Por último, y por hoy, no está de más una expresión de sorpresa, de preocupación también, por el crecimiento de la intención de voto a los comunistas y las simpatías que parecen demostrar nuestros ciudadanos por un Gobierno del PSOE con Izquierda Unida -benévola definición de los restos del comunismo en nuestro país-.

Una cosa así es como pretender juntar -esta vez sí- tragedia y desastre en un solo acto. No es el momento de recordar el legado de caos, fascismo, hambre y opresión que los regímenes del socialismo real, conducidos por personajes tan pintorescos como el propio Anguita, han producido en Europa, parte del cual es precisamente el conflicto yugoslavo. Por lo demás, también los países, y no sólo las gentes, tienen derecho al suicidio.
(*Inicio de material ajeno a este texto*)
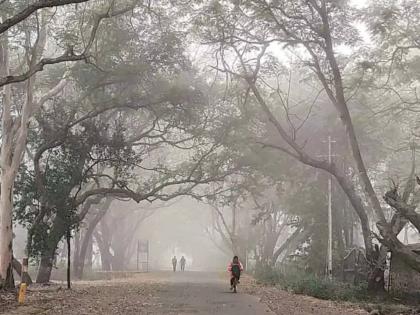 Even if the pink winter is gone, where? 'Nabh Clouds Invaded' Due to Fengal Effect; Rain showers in some cities | गुलाबी थंडी गेली तरी कुठे? फेंगल इफेक्टमुळे 'नभ मेघांनी आक्रमिले'; काही शहरांत पावसाचा शिडकावा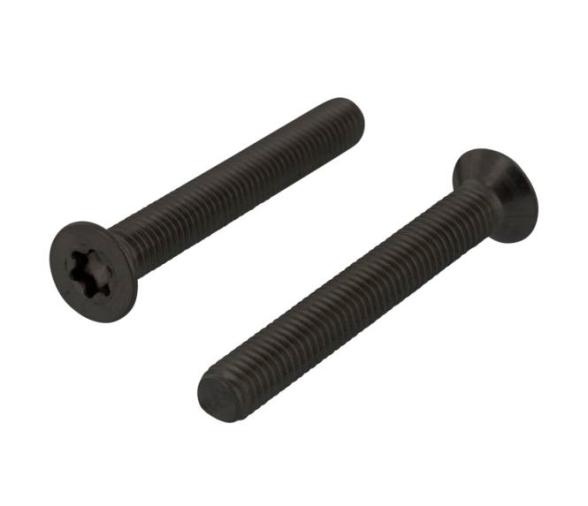 Tornillo Negro Torx con Cabeza Avellanada ISO 14581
Un Gobierno de la izquierda total es el mejor camino hacia el colapso, y un corrimiento del voto del desencanto socialista hacia Izquierda Unida (tan unida que no admite ni la más pequeña de las discrepancias internas) es la mejor manera de provocarlo.

En definitiva, estas elecciones no sólo van a ser las más competidas de las últimas décadas, sino las más comprometidas también. Suceda lo que suceda, es bastante posible que el Ejecutivo que de ellas salga no sea muy duradero y que la legislatura resulte más breve que el plazo de cuatro años que marcan las leyes. Pero van a marcar un hito significativo en la historia de nuestra democracia y merecen un especial esfuerzo de reflexión por parte de los electores a la hora de depositar el voto.